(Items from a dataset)
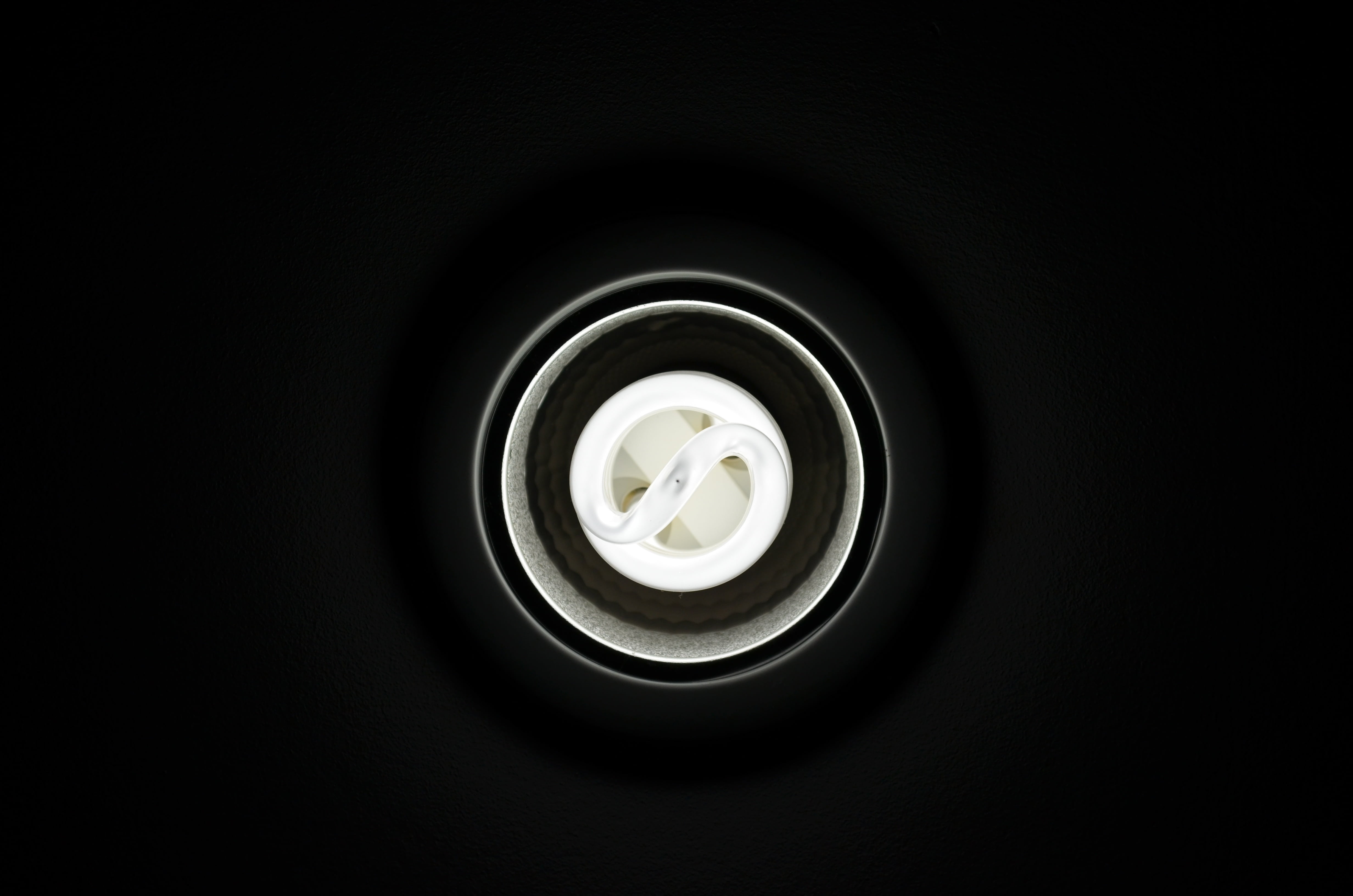 home, food and drink, directly above, geometric shape, studio shot, single object, high angle view, indoors, black color, circle, design, energy, close-up, HD Wallpaper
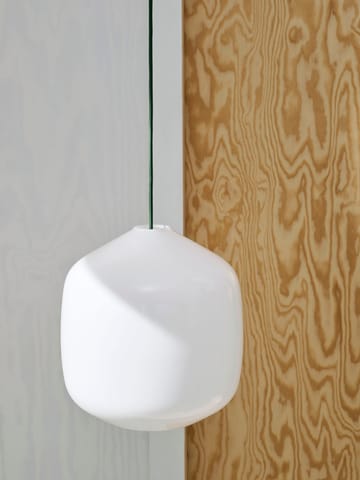 Buoy pendel Ø20 cm - Opal glass-pastel lilac - HAY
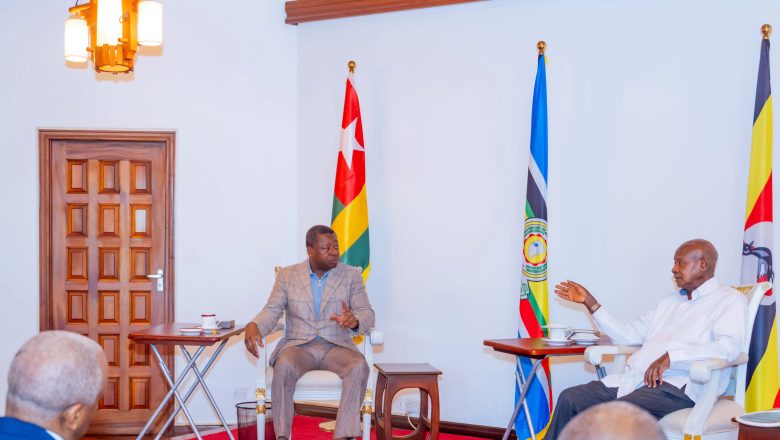 Faure Gnassingbé a rencontré Yoweri Museveni à Kampala pour discuter sécurité régionale et médiation dans la crise de l’est de la RDC.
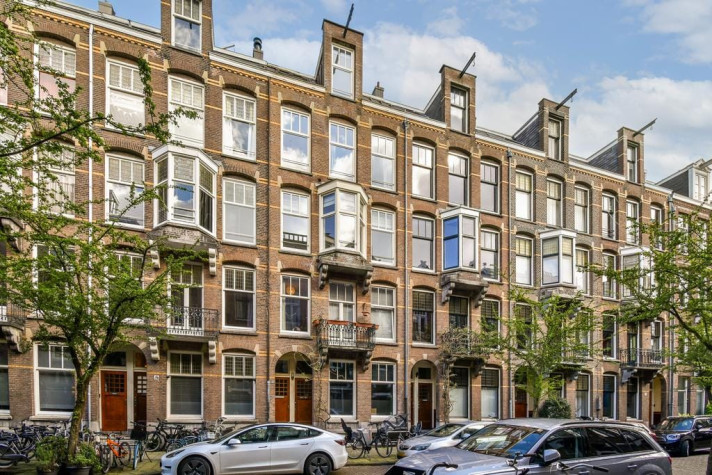 View photo 1/5 of apartment in Amsterdam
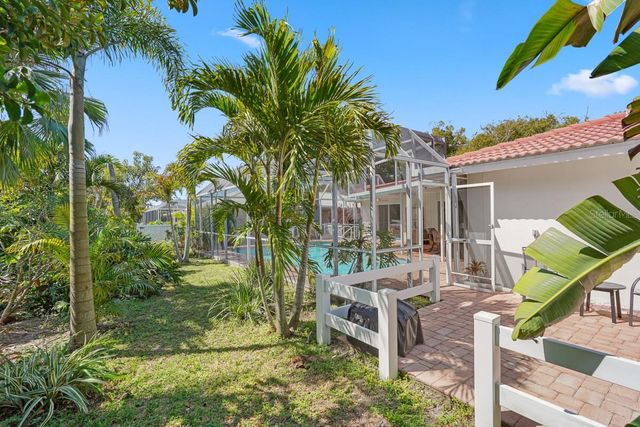 216 MATISSE CIRCLE N, Nokomis, FL 34275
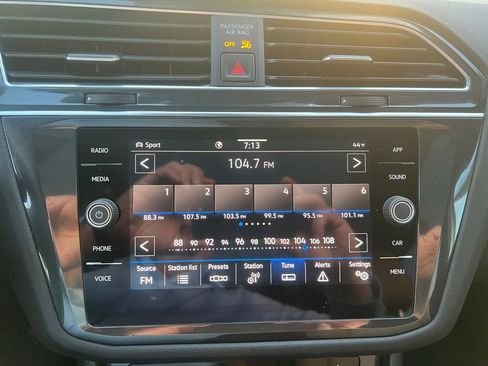 Used 2023 Volkswagen Tiguan SE w/ Panoramic Sunroof Package AWD/4WD image 29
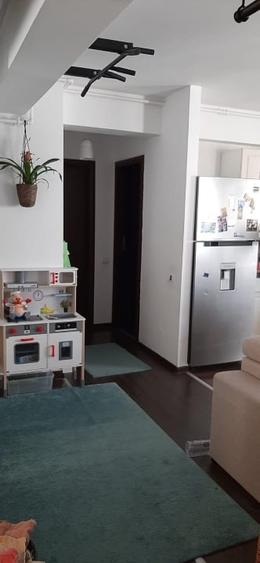 Apartament cu 2 camere semidecomandat în 1 Decembrie 1918
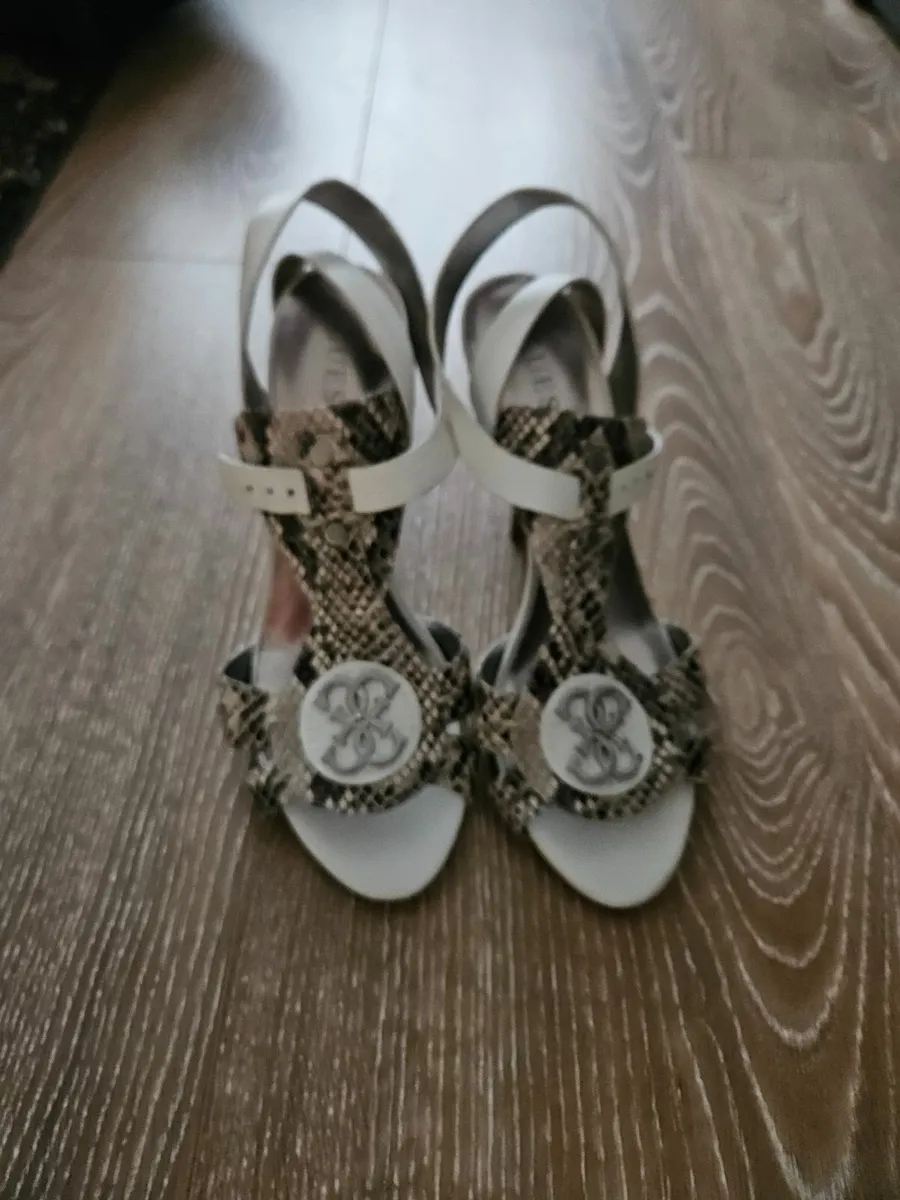 Guess heel - Image 1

▸ **What you should do**: Word for word, write out the lines from the top of the records above down to the line holding "Buoy pendel Ø20", inclusive, but not the pictures.

▸ **Problem solution**:
 home, food and drink, directly above, geometric shape, studio shot, single object, high angle view, indoors, black color, circle, design, energy, close-up, HD Wallpaper
 Buoy pendel Ø20 cm - Opal glass-pastel lilac - HAY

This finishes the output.